假设最后 Alice 剩余血量为 $x$,那么会先游走到 $(x, 1)$,然后往下走,这一步的概率为 $d = \frac{p}{1 - (1 - p)(1 - q)}$。
枚举 $a$ 的次数,可以得到答案为
$$
d \sum_{x = 1}^n \sum_{i = 0}^{\min\{n - x, m - 1\}} {m - 1 + n - x - i \choose i, m - 1 - i, n - x - i} a^i b^{m - 1 - i} c^{n - x - i}
$$
交换求和号
$$
d \sum_{i = 0}^{\min\{n - 1, m - 1\}} \frac{1}{i! (m - 1 - i)!} a^i b^{m - 1 - i} \sum_{x = 1}^n \frac{(m - 1 + n - x - i)!}{(n - x - i)!} c^{n - x - i}
$$
改为枚举 $n - x - i$
$$
d \sum_{i = 0}^{\min\{n - 1, m - 1\}} \frac{1}{i! (m - 1 - i)!} a^i b^{m - 1 - i} \sum_{x = 1}^n \frac{(m - 1 + i)!}{i!} c^{i}
$$
后面的东西可以 $\mathcal{O}(n)$ 预处理,整个式子可以 $\mathcal{O}(n)$ 计算。
代码
// ====================================
// author: M_sea
// website: https://m-sea-blog.com/
// ====================================
#include <bits/stdc++.h>
#define file(x) freopen(#x".in", "r", stdin), freopen(#x".out", "w", stdout)

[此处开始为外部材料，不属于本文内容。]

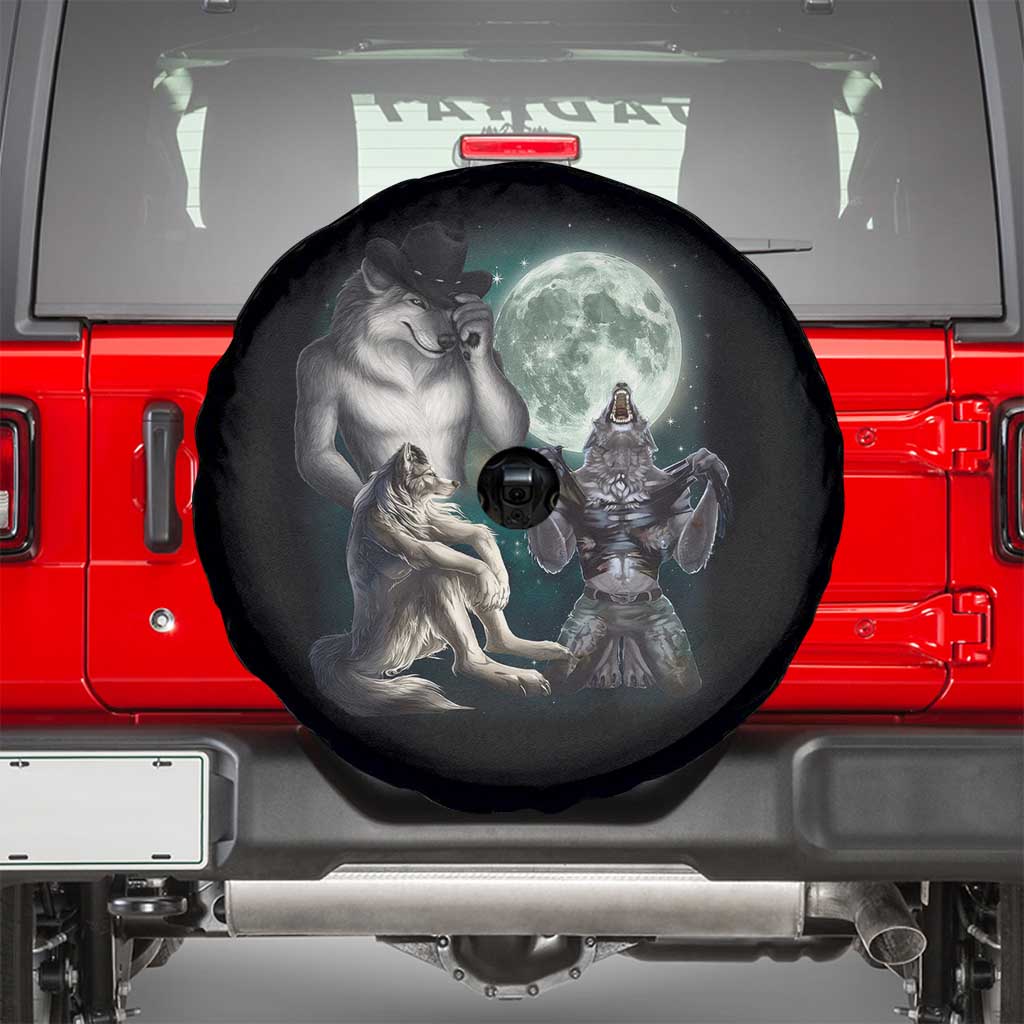 Funny Three Alpha Wolf Howling Moon Spare Tire Cover Weird Cringe Werewolf Meme TS11 Black Print Your Wear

#define debug(...) fprintf(stderr, __VA_ARGS__)
using namespace std;
typedef long long ll;
int read() {
int X = 0, w = 1; char c = getchar();
while (c < '0' || c > '9') { if (c == '-') w = -1; c = getchar(); }
while (c >= '0' && c <= '9') X = X * 10 + c - '0', c = getchar();
return X * w;
}
const int N = 10000000 + 10;
const int mod = 998244353, inv100 = 828542813;
int qpow(int a, int b) {
int c = 1;
for (; b; b >>= 1, a = 1ll * a * a % mod)
if (b & 1) c = 1ll * c * a % mod;
return c;
}
int n, m, p, q;
int fac[N], ifac[N], s[N];
int pwa[N], pwb[N], pwc[N];
void InitFac(int n) {
fac[0] = 1;
for (int i = 1; i <= n; ++i) fac[i] = 1ll * fac[i - 1] * i % mod;
ifac[n] = qpow(fac[n], mod - 2);
for (int i = n; i; --i) ifac[i - 1] = 1ll * ifac[i] * i % mod;
}
int main() {
int T = read();
while (T--) {
n = read(), m = read(), p = 1ll * read() * inv100 % mod, q = 1ll * read() * inv100 % mod;
InitFac(n + m);
int _ = (1 - 1ll * (1 - p + mod) * (1 - q + mod) % mod + mod) % mod;
int a = 1ll * p * q % mod * qpow(_, mod - 2) % mod;
int b = 1ll * p * (1 - q + mod) % mod * qpow(_, mod - 2) % mod;
int c = 1ll * (1 - p + mod) * q % mod * qpow(_, mod - 2) % mod;
int d = 1ll * p * qpow(_, mod - 2) % mod;
pwa[0] = pwb[0] = pwc[0] = 1;
for (int i = 1; i <= min(n - 1, m - 1); ++i) pwa[i] = 1ll * pwa[i - 1] * a % mod;
for (int i = 1; i <= m - 1; ++i) pwb[i] = 1ll * pwb[i - 1] * b % mod;
for (int i = 1; i <= n - 1; ++i) pwc[i] = 1ll * pwc[i - 1] * c % mod;
s[0] = fac[m - 1];
for (int i = 1; i <= n - 1; ++i)
s[i] = (s[i - 1] + 1ll * fac[m - 1 + i] * ifac[i] % mod * pwc[i]) % mod;
int ans = 0;
for (int i = 0; i <= min(n - 1, m - 1); ++i)
ans = (ans + 1ll * ifac[i] * ifac[m - 1 - i] % mod * pwa[i] % mod * pwb[m - 1 - i] % mod * s[n - 1 - i]) % mod;
ans = 1ll * ans * d % mod;
printf("%d\n", ans);
}
return 0;
}